Participants will learn how to construct well-written multiple choice items that measure course objectives. They’ll also evaluate their own items, identify flaws and polish up their work to achieve more meaningful results.

I asked Mary about her approach to this subject, which she has taught during workshops for ASTD, The University of Texas at Austin and other organizations.

What makes writing good test questions so challenging?


Mary Lorenz

I find that people write test questions from what it is they know, but all too often they have only ever known bad test questions! There are not many people who have training in how to identify and write a good test question.

What are the most common flaws you see in test questions?

A common problem is the lack of a single, clear, correct answer. Another is a poorly written stem that doesn’t provide enough detail. It’s essential to include all of the information necessary to provide a reasonable basis for responding.

Sometimes an author picks a statement out of a text book and use it as a test answer. Materials like that often cue test takers about the correct answer. People have become test-wise and can guess the right answer without really knowing the content. So you have to learn to write better test questions in order to accurately assess knowledge.

What’s the most important question to ask yourself when writing test items?

What is it you are asking test takers to do? It’s not about what information they can remember. It’s what you want them to do with that information. One of the best ways to get learners to think beyond what they “know” is to present them with a situation and ask them what they should do next. Make them apply what they’ve learned to a decision they need to make on the job. Each item should focus on an important concept, typically a common or potentially serious problem or issue related to their work. Don’t waste testing time with questions assessing knowledge of trivial facts. Don’t ask them to simply parrot a definition. Focus on problems they would encounter in real life. Avoid trivial, “tricky,” or overly complex questions.

So it’s really about objectives.

Yes! Test questions flow very easily from solid objectives, but people haven’t been well schooled in how to write a good objective. Designing an assessment, as well as crafting an objective, requires focus. So we will be looking at typical course objectives and comparing those to well-written, assessable objectives.

If you’ve written a good objective, the questions almost write themselves. Your objectives will also help you determine what item type would be most appropriate. I’ll be focusing on multiple choice items during this workshop, but we will touch on how to determine the right item types to use in different contexts.

How do you inject some fun into helping people learn to write good test questions?

First let me admit something: I am an item-writing nerd. Seriously, I have found myself on more than one occasion bordering on giddy when I come up with a novel way of approaching an objective and genuinely frustrated when I have to begin a question with “Which statement is true?”  In that spirit, I show students some classically bad questions and we all have a good laugh over those. I like them to be able to say, “Now that I know some things about how to discern an ‘okay’ question from a ‘good’ question, it’ will be easy for me to avoid writing bad questions.”

I also help people with their own questions, showing them how to make them better. This can be embarrassing at times, but people gain an awareness that they can do better. They understand that it takes effort and it takes time, but it’s worth it to be able to assess what’s really going on.

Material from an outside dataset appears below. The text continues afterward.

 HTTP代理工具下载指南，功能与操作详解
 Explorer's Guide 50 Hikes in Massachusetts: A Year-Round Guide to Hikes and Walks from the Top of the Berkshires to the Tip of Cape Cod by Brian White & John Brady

How should people prepare for this workshop?

I would like them to bring sample questions with them. I would also like them to bring the objectives on which they are trying to base their assessments.

What would you like people will take away from this session?

An awareness of how to do this better. How to take what they already have and make it a more valid and reliable exam. I’d also like them to leave knowing what a good test question looks like. I want them to leave excited about the notion of writing better test questions. I like seeing those light bulbs go off above people’s heads – to see people change their attitude about multiple choice items and discover that, If they’re written well, they can really assess a lot!

In addition to the two half-day workshops, we are offering a full-day Questionmark Boot Camp for Beginners, taught by Questionmark Trainer Rick Ault.

Check out the conference program to see all the educational sessions taking place in San Antonio March 4 – 7.

Register for the conference by January 30th to save $100. 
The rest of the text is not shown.